Fundvest does not provide tax, accounting, or legal advice to its clients, and all investors are advised to consult with professional advisors regarding any potential obligations.
This document was prepared by Fundvest UAB . It contains information about the nature and risk of financial instruments that you may invest in while using our services. It may not explain all the risks or how the specific risks may affect you personally. If you have any doubts if our services and the specific financial instruments are appropriate for you, please seek professional advice.
Investing is always related to risk which may result in financial losses. This may happen because the value of the financial instruments you purchase may drop and because of this the return may be negative meaning that the transaction may be unprofitable or even become of no value at all. The risk of loss is different and depends on each specific financial instrument. We strongly encourage you to evaluate the characteristics of financial instruments and the related risks, taking into account your financial status, previous investment experience, your personal investment goals and time period, also other important factors. You should not engage in investing unless you understand the nature of the particular financial instrument and the extent of your exposure to the risk of financial loss.

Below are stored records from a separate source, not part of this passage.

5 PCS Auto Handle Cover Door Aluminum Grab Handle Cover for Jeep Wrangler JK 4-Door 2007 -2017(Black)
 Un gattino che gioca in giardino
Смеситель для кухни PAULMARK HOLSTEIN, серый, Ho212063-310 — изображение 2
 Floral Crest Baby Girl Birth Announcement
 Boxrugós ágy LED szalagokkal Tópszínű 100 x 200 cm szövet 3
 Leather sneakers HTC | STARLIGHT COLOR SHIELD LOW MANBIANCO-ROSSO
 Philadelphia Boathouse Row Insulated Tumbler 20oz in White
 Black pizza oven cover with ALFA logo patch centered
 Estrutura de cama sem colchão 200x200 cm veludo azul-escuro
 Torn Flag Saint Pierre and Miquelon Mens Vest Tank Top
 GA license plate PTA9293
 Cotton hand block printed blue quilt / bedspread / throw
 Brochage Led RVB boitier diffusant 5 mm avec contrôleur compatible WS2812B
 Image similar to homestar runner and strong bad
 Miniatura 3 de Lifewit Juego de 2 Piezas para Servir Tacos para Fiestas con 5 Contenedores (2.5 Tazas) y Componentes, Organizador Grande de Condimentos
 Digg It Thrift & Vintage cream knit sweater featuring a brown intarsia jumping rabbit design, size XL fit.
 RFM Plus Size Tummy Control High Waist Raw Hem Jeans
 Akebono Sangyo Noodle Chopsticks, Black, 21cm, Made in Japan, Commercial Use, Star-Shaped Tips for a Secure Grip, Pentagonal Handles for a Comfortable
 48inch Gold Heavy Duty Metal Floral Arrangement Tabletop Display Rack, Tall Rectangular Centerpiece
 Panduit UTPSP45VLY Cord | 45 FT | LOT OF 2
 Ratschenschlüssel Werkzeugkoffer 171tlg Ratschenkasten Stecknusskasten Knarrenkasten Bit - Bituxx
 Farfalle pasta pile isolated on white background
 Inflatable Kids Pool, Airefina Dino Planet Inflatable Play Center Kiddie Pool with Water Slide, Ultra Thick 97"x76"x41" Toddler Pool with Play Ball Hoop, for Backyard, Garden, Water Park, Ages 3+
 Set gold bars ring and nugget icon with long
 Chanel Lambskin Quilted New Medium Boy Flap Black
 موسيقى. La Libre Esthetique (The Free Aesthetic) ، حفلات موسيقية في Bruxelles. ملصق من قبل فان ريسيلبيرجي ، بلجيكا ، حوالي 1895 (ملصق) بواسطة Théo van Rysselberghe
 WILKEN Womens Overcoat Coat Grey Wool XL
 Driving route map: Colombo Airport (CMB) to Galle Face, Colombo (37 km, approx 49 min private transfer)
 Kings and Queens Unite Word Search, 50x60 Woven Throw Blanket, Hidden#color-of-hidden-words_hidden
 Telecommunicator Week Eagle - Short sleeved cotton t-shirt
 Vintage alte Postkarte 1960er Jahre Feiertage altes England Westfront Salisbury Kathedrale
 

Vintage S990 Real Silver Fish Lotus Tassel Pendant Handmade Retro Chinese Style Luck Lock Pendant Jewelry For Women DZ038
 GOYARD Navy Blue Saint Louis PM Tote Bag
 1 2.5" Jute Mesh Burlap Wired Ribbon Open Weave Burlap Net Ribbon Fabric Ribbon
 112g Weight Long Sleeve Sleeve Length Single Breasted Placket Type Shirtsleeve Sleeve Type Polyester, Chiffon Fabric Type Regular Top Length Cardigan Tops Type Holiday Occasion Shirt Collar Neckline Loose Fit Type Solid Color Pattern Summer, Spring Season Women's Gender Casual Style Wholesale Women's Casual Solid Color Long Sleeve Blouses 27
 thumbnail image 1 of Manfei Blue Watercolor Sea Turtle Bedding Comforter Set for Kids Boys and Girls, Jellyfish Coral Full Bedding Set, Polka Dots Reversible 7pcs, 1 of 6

When using our investment platform you may invest in the following financial instruments:
Stocks (shares) which are units of ownership in companies. Shares that are traded in the stock exchanges (e.g. New York Stock Exchange) can be purchased when using our platform. If the company that issued the shares (issuer) earns profit, part of the profit can be distributed to the owners of the shares (shareholders) in the form of dividends.
ETFs (exchange-traded funds) which are collective investment funds that are traded in the stock exchanges. They may consist of various asset classes, such as shares, bonds, etc., thus ensuring greater diversification and potentially lower investment risk. ETFs are managed by professional investment management companies.
By investing in any of the above you risk not getting back the same as you originally invested. Additionally, please take into account other risks that are listed below.
Counterparty credit risk – the risk that Client might incur losses if a counterparty against whom Client has a credit exposure, does not fulfil his financial obligations.
Country risk – risk that financial instrument value might changed because of events or development in precise country or region.
Information risk – the risk that Client might make a decision not having the complete information about the financial instrument or information being not available to Client.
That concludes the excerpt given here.